A practical test for string theory?
|January 7, 2014||Posted by News under Intelligent Design, Cosmology, News|
From Towson U, unveiled yesterday, according to Phys.org:
String theory is infamous as an eloquent theoretical framework to understand all forces in the universe —- a so-called “theory of everything” —- that can’t be tested with current instrumentation because the energy level and size scale to see the effects of string theory are too extreme.
Yet inspired by Galileo Galilei and Isaac Newton, Towson University scientists say that precise measurements of the positions of solar-system bodies could reveal very slight discrepancies in what is predicted by the theory of general relativity and the equivalence principle, or establish new upper limits for measuring the effects of string theory. More.

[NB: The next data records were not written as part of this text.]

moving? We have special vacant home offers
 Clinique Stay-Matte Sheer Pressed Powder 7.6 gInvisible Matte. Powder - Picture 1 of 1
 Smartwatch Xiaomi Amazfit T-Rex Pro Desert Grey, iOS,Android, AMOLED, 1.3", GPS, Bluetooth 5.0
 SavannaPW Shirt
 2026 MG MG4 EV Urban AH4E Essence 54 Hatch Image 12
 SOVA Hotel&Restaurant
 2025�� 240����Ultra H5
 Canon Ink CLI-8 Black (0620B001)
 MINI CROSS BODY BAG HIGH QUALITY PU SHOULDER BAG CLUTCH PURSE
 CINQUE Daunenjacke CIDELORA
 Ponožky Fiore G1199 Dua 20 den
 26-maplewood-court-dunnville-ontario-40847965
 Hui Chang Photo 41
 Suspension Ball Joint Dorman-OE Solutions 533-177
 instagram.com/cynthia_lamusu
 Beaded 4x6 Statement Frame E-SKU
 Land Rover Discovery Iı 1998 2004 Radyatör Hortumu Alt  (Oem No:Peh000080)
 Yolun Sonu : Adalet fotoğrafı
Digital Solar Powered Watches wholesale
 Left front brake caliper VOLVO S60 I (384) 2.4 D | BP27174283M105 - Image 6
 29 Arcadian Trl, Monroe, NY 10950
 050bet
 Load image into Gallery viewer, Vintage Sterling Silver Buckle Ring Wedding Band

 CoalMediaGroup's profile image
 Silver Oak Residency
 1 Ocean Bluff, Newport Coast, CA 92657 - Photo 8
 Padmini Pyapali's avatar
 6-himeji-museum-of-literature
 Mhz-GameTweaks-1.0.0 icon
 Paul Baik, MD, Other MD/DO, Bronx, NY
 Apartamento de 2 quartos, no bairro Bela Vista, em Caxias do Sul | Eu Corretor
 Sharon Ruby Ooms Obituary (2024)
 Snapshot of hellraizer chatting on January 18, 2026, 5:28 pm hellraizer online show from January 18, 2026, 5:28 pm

Interesting, because researchers have been saying things like
“No part of it has been proven, and no one knows how to prove it,” laments lapsed string theorist Lee Smolin. And “because we can’t falsify the idea, … it isn’t science,” says physicist David Gross.
What’s actually in the paper is a proposal for a test (and not a very good one, as far as I can tell…) of the equivalence principle. The claim is then that a violation of the equivalence principle would be evidence for string theory. I’ve written about this kind of claim before (see here), pointing out that string theorists sometimes argue that the equivalence principle is a prediction of string theory. So, string theory can be tested, and the test is even “practical”, but since the prediction is that either the equivalence principle will be violated or not, it’s pretty likely to pass the test.
Revealing discussion from physicists in the comments. This test doesn’t sound like it’s all its cracked up to be. We’ll see.